3 Cloud Service Management Challenges

Published on: Jan 21, 2020

Cloud Computing brings New Benefits & Challenges to Infrastructure Management

Cloud computing has fundamentally changed the way enterprises think about information technology infrastructure. A decade ago, IT professionals would make projections about the number and types of servers they would need for the next several months to a year. In some cases, they’d plan for average load, while in other scenarios they would buy for peak capacity to ensure there were sufficient resources when needed.

Cloud computing comes in a few broad forms: infrastructure as a service (IaaS), patform as a Service (PaaS), and software as a service (SaaS):

IaaS is the form of cloud computing that provides virtual machines (VMs), containers, storage, and supporting networking to users who need maximum control over resources.
PaaS is a service that doesn’t require users to provision and configure VMs; instead, users run their programs on a scalable platform that’s managed by a cloud vendor.
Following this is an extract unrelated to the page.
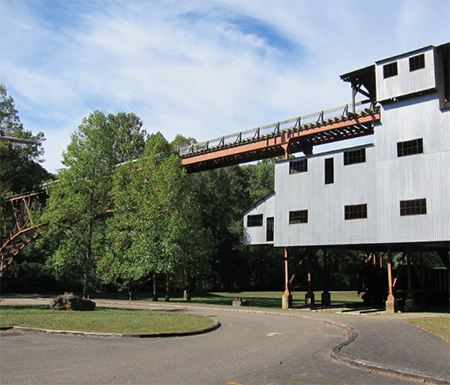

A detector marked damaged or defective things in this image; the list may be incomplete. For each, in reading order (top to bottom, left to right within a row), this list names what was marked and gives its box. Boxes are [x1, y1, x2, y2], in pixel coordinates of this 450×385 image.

rusty metal truss [179, 100, 380, 172]
rusty metal truss [0, 192, 44, 276]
Google Cloud’s App Engine was the first PaaS.
SaaS, is a cloud offering that provides a specific software service, such as Salesforce, which provides customer relationship management and related software.

Cloud computing, however, reduces the need to precisely forecast future needs for variable workloads (stable workloads can take advantage of committed use offerings such as Reserved Instances). Instead, resources are allocated on-demand, according to the workloads at a point in time. In addition, the rise of containers, which virtualize an operating system so multiple workloads can run on the same server without interfering with each other, has improved server utilization.

But, despite these advances, enterprises still face challenges in using these resources efficiently.

There are a number of challenges when it comes to meeting service-level agreements (SLAs) while also controlling cloud costs, including:

Resources could be under provisioned, and that can introduce application performance risks, including a failure to meet SLAs
Resources may be overprovisioned, resulting in wasted
A lack of automation can create inefficiencies because of lack of control in the selection of cloud and container resources
It can be difficult to determine how best to purchase cloud services (for example, on-demand vs. reserved instances)

Challenge 1: Agility vs. Cost Management

Perhaps the most important way cloud computing has done that is by shifting IT spending from a mix of operational expenditures (OpEx or OPEX) and capital expenditures (CapEx or CAPEX) to a more singular focus on OpEx. Instead of procuring servers with a three-year lifespan, IT professionals are buying access to computing resources by the minute. This approach allows developers to allocate compute resources as they need, or at least as they perceive a need.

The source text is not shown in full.